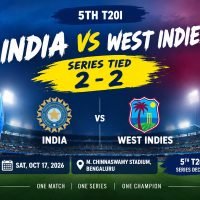 Cricket : India and West Indies Gear Up for Series Decider as T20I Contest Stands at 2–2  Bengaluru, India | October 17, 2026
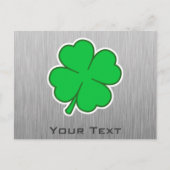 Vier bladklaver; metaal briefkaart (Voorkant)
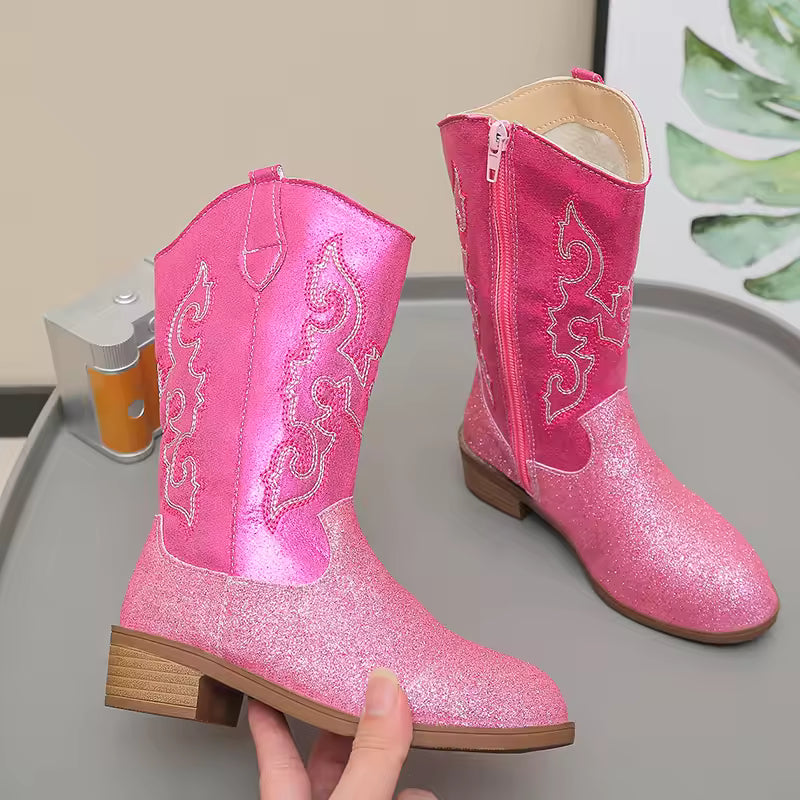 Girls' Western Embroidered Side-Zip Over-the-Knee Pointed Toe Cowgirl Boots - CB078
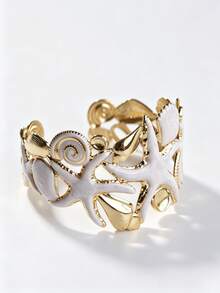 White Collection Stainless Steel Enamel Adjustable Open Cuff Bracelet, Starfish Shell Heart Design, Minimalist Fashion Summer Beach Romantic Nautical Personalized Stackable Vintage Clothing Accessory - White - View 16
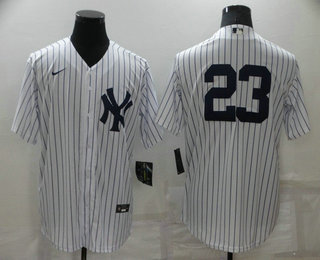 Men's New York Yankees #23 Don Mattingly White No Name Stitched MLB Nike Cool Base Jersey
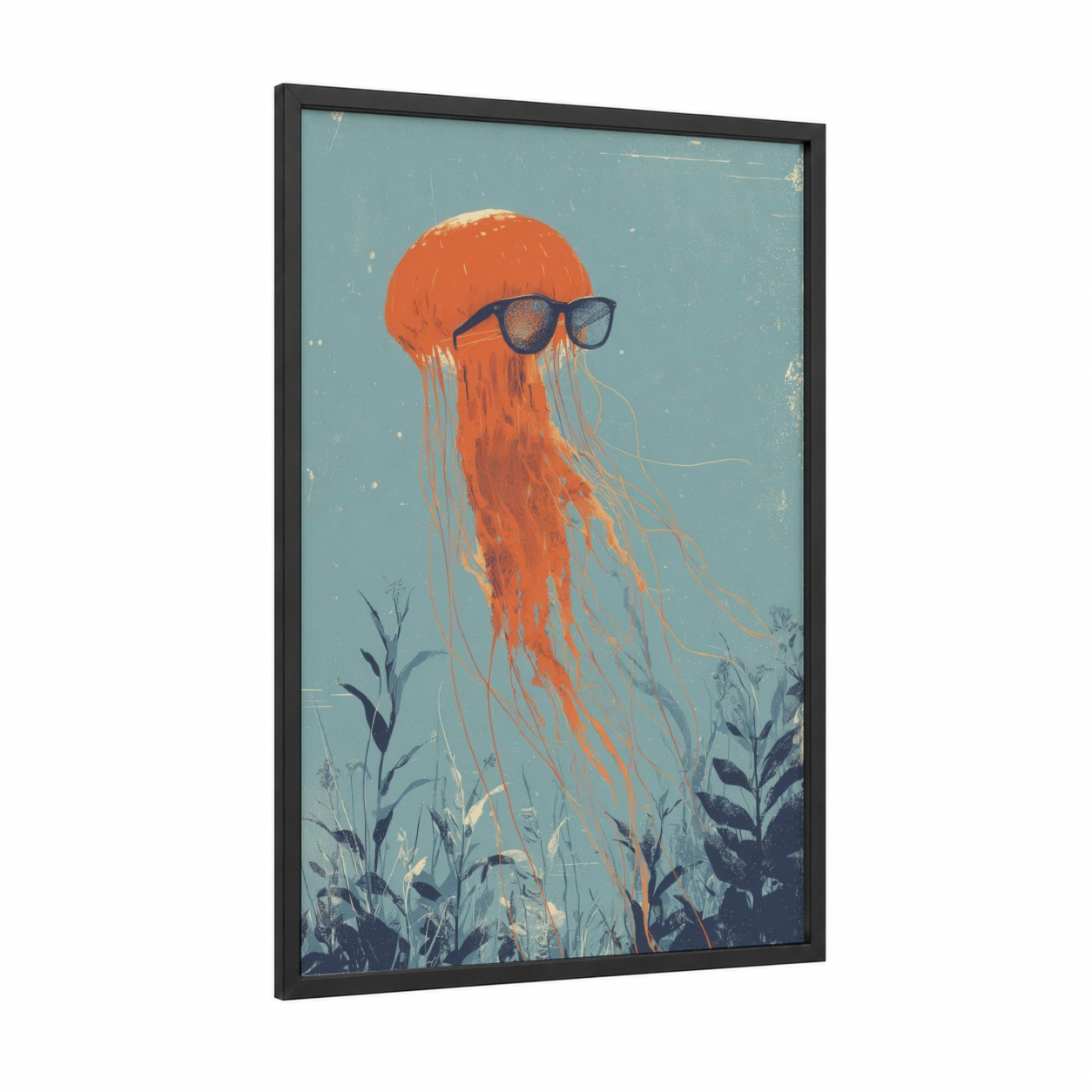 Sunglasses Jellyfish framed art print — black wood frame — orange and teal palette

Activity: The records above must be output exactly, except for the pictures.

Written answer:
 Cricket : India and West Indies Gear Up for Series Decider as T20I Contest Stands at 2–2  Bengaluru, India | October 17, 2026
 Vier bladklaver; metaal briefkaart (Voorkant)
 Girls' Western Embroidered Side-Zip Over-the-Knee Pointed Toe Cowgirl Boots - CB078
 White Collection Stainless Steel Enamel Adjustable Open Cuff Bracelet, Starfish Shell Heart Design, Minimalist Fashion Summer Beach Romantic Nautical Personalized Stackable Vintage Clothing Accessory - White - View 16
 Men's New York Yankees #23 Don Mattingly White No Name Stitched MLB Nike Cool Base Jersey
 Sunglasses Jellyfish framed art print — black wood frame — orange and teal palette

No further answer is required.